The New York State Supreme Court issued a ruling today against Dell and Dell Financial Services (DFS), finding the company guilty of "fraud, false advertising, deceptive business practices, and abusive debt collection practices." The ruling is the end result of a lawsuit filed by New York State Attorney General, Andrew M Cuomo, in May 2007. After the ruling, Cuomo issued a statement saying that Dell and DFS essentially used "a bait and switch that left thousands of people paying for essentially no service at all." He also said:
"We have won an important victory that will force Dell to live up to its responsibilities and pay back its customers for profits that were pocketed but not deserved."
Attorney General Andrew Cuomo - Press Conference
The specific practices that Dell was found guilty of are:
- Charging customers 20 percent interest on what was advertised to be no-interest financing.
- Billing customers for canceled orders and returned products, and then harassing the customers with "illegal billing and collection activity."
- Failing to provide in-warranty service in a timely manner.
- Failing to fulfill promised rebates.
The New York State Supreme Court has yet to rule on how much Dell must give back to its customers and now much Dell must pay New York State.

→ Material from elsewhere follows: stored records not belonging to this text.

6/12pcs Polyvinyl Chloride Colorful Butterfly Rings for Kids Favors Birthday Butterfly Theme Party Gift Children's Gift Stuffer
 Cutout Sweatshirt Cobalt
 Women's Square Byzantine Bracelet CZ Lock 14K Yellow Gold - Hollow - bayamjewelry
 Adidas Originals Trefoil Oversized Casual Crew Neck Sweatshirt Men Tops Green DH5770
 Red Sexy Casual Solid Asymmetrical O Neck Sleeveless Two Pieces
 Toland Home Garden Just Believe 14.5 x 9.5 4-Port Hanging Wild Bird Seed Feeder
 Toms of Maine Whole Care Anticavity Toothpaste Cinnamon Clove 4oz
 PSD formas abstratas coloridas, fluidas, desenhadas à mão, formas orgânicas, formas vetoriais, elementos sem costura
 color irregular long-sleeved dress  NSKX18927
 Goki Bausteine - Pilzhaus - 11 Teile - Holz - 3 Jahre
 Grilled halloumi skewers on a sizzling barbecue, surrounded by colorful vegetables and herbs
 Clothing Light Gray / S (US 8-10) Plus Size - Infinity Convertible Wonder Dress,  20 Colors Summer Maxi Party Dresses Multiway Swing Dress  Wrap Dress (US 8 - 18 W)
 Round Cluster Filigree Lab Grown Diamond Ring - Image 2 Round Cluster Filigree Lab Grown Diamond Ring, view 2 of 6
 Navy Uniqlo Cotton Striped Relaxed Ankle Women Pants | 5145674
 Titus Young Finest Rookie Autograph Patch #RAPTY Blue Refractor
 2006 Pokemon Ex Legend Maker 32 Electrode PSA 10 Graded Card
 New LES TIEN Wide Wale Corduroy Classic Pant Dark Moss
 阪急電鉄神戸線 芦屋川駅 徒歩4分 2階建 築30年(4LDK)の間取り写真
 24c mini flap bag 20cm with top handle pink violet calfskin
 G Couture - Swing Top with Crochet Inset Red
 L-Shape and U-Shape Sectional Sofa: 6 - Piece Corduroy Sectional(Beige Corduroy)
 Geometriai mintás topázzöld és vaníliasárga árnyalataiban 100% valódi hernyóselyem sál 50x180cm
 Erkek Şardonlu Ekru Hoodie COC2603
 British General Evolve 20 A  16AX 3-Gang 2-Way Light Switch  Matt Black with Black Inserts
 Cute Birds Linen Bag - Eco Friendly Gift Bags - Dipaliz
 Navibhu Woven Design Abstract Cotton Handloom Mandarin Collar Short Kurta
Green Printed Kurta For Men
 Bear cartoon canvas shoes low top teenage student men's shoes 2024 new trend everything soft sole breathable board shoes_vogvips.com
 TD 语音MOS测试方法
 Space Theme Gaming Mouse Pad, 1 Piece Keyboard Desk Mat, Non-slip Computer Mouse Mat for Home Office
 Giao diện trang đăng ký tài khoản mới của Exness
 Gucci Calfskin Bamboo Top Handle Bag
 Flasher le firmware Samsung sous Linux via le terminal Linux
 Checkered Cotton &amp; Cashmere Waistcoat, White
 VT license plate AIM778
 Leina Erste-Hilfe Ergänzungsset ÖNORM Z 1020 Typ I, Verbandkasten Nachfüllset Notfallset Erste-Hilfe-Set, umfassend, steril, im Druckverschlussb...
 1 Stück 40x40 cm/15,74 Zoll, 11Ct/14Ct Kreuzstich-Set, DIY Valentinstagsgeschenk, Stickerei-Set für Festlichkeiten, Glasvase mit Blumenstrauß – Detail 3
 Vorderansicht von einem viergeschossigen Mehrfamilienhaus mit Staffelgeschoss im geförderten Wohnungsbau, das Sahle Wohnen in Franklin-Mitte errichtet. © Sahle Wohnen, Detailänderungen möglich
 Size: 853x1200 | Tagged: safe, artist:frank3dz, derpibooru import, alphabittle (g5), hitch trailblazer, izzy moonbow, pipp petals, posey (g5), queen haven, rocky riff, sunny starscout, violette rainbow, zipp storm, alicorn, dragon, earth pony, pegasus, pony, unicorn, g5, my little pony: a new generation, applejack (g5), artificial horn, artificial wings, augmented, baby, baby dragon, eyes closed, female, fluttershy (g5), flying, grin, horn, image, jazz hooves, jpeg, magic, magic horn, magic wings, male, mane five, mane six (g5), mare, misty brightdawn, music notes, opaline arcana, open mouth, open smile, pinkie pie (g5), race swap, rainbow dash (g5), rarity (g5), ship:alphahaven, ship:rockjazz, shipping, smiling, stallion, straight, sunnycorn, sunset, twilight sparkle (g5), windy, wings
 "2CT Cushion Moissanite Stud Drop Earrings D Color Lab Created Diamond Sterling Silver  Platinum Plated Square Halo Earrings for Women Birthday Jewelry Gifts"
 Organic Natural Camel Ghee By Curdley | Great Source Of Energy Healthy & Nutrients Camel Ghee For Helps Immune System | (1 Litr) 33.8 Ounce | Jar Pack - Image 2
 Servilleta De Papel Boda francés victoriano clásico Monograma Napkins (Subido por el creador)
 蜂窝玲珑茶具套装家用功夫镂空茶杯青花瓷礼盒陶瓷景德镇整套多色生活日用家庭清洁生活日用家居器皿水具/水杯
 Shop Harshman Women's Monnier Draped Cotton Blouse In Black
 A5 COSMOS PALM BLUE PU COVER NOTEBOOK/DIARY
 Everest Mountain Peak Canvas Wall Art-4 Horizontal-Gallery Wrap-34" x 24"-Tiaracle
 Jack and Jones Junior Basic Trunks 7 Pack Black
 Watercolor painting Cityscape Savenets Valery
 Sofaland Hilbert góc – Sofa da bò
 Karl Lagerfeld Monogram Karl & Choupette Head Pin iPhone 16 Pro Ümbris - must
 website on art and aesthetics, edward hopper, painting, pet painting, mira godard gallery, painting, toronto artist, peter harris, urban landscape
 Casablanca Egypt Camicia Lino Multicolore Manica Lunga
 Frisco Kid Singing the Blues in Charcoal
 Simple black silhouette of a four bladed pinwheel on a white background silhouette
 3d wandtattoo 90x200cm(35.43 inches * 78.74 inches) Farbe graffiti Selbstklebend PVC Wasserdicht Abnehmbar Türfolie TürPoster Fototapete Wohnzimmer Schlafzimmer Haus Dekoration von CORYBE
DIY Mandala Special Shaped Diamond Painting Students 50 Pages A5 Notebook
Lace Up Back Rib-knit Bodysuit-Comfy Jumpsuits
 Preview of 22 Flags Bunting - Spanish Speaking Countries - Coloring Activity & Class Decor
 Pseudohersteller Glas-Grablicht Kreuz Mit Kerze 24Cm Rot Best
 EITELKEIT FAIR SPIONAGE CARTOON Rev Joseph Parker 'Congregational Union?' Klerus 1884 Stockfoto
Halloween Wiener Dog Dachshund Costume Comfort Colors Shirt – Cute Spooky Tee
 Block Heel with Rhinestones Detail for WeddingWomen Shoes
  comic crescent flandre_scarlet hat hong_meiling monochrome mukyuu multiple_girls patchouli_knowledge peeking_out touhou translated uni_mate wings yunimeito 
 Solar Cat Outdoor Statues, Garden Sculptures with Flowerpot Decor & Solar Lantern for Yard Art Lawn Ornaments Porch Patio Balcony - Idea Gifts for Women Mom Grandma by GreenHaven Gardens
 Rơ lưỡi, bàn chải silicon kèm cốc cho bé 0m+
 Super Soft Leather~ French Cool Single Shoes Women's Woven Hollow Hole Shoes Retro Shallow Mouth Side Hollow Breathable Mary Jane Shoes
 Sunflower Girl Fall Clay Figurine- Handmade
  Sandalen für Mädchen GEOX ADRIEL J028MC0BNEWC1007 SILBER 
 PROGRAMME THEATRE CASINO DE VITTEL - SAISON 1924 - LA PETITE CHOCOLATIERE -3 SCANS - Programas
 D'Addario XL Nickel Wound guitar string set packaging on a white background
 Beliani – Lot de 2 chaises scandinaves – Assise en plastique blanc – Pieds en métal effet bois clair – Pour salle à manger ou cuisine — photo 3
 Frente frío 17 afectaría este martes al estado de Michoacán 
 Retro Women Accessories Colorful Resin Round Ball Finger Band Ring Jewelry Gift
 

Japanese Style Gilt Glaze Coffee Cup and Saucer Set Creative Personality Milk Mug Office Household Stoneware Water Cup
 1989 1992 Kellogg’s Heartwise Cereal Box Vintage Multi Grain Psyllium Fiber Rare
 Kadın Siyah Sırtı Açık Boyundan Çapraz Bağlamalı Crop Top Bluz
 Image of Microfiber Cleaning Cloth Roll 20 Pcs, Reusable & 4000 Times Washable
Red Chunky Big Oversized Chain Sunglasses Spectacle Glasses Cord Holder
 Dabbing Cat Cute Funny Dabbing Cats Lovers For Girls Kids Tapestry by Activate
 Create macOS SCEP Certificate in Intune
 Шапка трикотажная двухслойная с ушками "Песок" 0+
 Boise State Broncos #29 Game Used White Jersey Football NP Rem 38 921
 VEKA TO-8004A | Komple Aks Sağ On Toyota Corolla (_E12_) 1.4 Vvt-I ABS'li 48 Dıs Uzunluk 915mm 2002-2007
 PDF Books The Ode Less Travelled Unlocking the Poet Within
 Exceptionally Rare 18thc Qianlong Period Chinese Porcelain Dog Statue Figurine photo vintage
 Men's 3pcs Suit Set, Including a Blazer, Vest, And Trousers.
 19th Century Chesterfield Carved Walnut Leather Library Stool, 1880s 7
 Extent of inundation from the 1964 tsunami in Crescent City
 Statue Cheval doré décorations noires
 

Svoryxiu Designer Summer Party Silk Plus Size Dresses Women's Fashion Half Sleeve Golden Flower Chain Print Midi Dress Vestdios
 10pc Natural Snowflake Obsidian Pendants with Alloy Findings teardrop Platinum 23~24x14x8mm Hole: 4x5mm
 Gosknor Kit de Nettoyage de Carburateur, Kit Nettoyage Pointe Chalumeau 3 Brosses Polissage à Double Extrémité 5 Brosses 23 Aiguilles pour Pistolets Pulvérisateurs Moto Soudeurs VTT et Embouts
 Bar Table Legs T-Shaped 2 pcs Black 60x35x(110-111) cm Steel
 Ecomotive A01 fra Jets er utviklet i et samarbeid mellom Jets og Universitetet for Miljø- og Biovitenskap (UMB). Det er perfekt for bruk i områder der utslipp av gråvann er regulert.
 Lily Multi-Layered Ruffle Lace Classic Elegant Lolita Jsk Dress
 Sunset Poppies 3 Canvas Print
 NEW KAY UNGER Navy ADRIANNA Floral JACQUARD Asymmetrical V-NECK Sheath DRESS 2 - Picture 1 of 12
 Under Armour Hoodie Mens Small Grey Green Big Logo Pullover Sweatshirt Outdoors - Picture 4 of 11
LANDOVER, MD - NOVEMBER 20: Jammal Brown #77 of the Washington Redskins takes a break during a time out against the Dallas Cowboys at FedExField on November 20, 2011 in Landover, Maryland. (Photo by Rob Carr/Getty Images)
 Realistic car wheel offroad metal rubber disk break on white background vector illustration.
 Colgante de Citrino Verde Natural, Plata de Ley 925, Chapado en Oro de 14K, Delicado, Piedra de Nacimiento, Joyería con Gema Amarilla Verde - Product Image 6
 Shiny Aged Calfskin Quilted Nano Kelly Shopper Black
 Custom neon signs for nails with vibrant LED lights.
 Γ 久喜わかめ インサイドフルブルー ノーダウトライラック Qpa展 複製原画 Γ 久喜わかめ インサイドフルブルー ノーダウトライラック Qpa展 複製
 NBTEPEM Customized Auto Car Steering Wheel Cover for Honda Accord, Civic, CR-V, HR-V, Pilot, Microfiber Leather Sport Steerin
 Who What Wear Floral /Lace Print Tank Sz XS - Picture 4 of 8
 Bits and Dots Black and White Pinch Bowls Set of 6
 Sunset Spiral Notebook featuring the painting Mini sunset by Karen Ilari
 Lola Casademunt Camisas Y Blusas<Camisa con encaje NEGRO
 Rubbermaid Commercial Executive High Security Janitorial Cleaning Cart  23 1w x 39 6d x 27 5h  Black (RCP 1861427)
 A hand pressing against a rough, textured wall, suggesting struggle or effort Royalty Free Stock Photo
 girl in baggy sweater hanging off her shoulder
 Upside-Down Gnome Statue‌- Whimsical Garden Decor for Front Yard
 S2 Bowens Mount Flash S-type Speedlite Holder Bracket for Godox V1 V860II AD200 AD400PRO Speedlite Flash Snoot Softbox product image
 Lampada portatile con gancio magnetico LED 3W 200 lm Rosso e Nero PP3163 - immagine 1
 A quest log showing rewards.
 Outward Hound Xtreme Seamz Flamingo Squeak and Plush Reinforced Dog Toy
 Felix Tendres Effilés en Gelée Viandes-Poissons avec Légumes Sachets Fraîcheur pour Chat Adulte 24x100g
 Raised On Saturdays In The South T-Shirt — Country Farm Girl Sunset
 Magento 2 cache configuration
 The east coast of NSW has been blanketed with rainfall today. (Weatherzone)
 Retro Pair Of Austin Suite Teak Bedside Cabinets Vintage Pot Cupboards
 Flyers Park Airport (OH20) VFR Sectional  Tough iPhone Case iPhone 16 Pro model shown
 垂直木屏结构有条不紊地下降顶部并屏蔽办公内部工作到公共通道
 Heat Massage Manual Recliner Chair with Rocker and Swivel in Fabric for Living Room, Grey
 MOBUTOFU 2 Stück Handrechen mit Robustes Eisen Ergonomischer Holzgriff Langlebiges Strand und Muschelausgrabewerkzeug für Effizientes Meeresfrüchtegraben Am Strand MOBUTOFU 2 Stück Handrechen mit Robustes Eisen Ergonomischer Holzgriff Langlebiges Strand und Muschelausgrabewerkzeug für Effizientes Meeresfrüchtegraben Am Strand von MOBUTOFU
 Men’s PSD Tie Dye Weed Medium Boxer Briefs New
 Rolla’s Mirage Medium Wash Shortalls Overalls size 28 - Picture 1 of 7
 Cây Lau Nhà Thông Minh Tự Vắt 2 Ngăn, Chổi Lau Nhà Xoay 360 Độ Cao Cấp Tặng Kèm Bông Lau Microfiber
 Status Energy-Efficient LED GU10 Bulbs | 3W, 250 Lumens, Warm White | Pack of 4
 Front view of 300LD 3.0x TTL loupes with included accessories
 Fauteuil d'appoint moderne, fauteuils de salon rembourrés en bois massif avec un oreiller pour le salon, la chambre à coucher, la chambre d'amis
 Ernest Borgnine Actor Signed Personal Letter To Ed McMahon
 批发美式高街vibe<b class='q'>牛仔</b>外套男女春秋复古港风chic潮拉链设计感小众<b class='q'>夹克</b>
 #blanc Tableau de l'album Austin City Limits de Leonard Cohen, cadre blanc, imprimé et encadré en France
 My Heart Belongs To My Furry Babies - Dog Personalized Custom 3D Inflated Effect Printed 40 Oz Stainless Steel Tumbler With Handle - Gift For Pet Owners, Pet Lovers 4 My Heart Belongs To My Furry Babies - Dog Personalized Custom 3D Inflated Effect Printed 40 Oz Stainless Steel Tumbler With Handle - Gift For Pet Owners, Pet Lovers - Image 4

After today's ruling, Dell issued a statement in response: "We don't agree with this decision and will be defending our position vigorously." Also in the statement, Dell speculated that the amounts it would ultimately owe would be small as only a "relatively small number of customers" were impacted by these practices.
This is not the first time the Empire State has tangled with online retailers. New York State's "Amazon Tax" was just signed into law by New York Governor David Paterson a few weeks ago. The law, which goes into effect June 1, requires that Amazon collect sales tax on all purchases made by customers who reside in New York State. The state's argument is essentially that since some of Amazon's affiliates are based in New York, then all purchases made on Amazon by New York State residents are subject to New York State sales tax. Amazon is not sitting idling by and letting this happen without a fight, however; Amazon has sued New York State, arguing that the new law is unconstitutional.
New York state makes a powerful statement when it successfully goes after predatory business practices of the likes of Dell--looking out for the best interests of the consumer. The "Amazon Tax," on the other hand, is New York State just looking out for the best interests of New York State.